Il cambiamento arrivava a una velocità tale che oggi, al confronto, non c’è più alcun cambiamento. Tutto è fatto per raccogliere applausi, per così dire. 

Solo microcambiamenti? 
Sì, piccolissimi cambiamenti. Non sono apprezzabili. E molto strano: ci sono grandi cambiamenti, come Internet ad esempio, ma in realtà la vita nel suo assieme non è molto diversa da come lo era 10 anni fa. Non è cambiata drasticamente. Quindi penso che ci sia il rischio che a morire sia la stessa idea di futuro. 

Cosa pensi della fantascienza di oggi? Può essere sovversiva come in passato? 
La fantascienza è morta il giorno in cui Armstrong ha messo piede sulla Luna, nel 1969. Penso che allora si sia messa la parola fine. Da allora molti dei sogni della fantascienza si sono avverati. I trapianti, la manipolazione genetica... Vuoi che tua figlia somigli alla Lollobrigida? Oggi è possibile. 

Dobbiamo accettare la realtà di Regno a venire, o è possibile reagire? Dacci una speranza, anche piccola. 
Bisogna aprire gli occhi. In Occidente stiamo correndo il rischio di marciare come sonnambuli verso un incubo, Ne abbiamo avuto un assaggio con l’11 settembre a New York.
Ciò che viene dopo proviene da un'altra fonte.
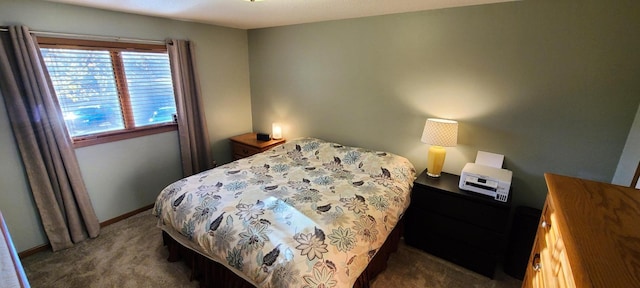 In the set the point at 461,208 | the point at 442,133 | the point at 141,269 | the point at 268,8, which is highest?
the point at 268,8

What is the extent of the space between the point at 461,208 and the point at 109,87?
328cm

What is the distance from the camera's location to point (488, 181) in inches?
76.0

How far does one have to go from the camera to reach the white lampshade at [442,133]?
2.11 m

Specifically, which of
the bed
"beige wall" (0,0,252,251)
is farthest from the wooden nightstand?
the bed

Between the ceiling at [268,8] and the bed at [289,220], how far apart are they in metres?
1.31

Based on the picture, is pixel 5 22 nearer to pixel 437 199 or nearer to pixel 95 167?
pixel 95 167

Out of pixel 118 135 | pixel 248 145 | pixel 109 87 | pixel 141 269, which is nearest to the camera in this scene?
pixel 141 269

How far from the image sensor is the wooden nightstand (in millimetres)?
3223

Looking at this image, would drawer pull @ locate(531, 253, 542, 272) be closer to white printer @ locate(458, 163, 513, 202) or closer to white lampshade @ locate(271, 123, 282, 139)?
white printer @ locate(458, 163, 513, 202)

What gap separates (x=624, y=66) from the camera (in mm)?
1690

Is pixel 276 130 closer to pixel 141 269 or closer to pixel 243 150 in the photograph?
pixel 243 150

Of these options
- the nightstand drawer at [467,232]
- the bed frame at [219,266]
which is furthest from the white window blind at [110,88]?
the nightstand drawer at [467,232]

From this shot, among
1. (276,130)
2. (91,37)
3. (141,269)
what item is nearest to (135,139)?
(91,37)

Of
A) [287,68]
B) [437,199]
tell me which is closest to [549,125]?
[437,199] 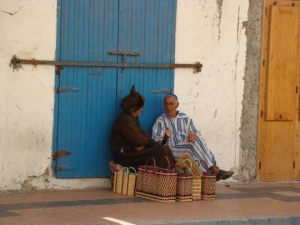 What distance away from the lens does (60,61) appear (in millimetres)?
11672

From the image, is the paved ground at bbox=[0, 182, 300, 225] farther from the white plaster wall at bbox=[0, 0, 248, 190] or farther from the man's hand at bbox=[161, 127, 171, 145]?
the man's hand at bbox=[161, 127, 171, 145]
In un certo senso, l’11 settembre è stata una specie di sveglia: “Svegliati, America”, io penso che si siano svegliati, ma che siano scesi dalla parte sbagliata del letto. Hanno invaso l’Iraq, sbaglio enorme. Ma quella era una sveglia. E la guerra contro il terrorismo islamico è molto vera. In tutto il mondo, tra tante cose dobbiamo farne soprattutto una: dobbiamo svegliarci. Noi occidentali stiamo molto comodi. Viviamo in belle case, non abbiamo fame e, se ci ammaliamo, qualcuno si prende cura dì noi. Molto comodo. Dobbiamo svegliarci. Ci stanno drogando con i beni di consumo. Non siamo più in grado di badare a noi stessi e invece dobbiamo cominciare a badare a noi stessi. 

Ma in pratica cosa possiamo fare, smettere di consumare? 
Ah, che domanda. La mia generazione ha già tentato di rispondere: ora rispondete voi, io sono troppo vecchio.